Because both processors are based on the same instruction set, and the architecture version is the same, the same software code can often be used directly when porting from one processor to another. The only exception is when the software code uses sleep features. Because the Cortex-Ml does not support sleep mode, application code using WFI and WFE might need to be modified.

There is also a small chance that the software needs minor adjustment because of execution timing differences.

At the time of writing, no CMSIS software package is available for the Cortex-M1. However, you can use the same CMSIS files for the Cortex-M0 on Cortex-Ml programming, because they are based on the same version of the ARMv6-M architecture.

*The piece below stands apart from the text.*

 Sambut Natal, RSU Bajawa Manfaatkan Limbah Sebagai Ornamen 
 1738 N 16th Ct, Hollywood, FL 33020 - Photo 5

Differences between the Cortex-M3 and -M0
The Cortex-M3 processor is based on the ARMv7-M architecture. It supports many more 32bit Thumb instructions and a number of extra system features.

The performance of the CortexM3 is also higher than that for the Cortex-M0. These factors make the Cortex-M3 very attractive to demanding applications in the automotive and industrial control areas.

Programmer's Model. The ARMv7-M architecture is a superset of the ARMv6-M architecture. So it provides all the features available in the ARMv6-M. The Cortex-M3 processor also provides various additional features.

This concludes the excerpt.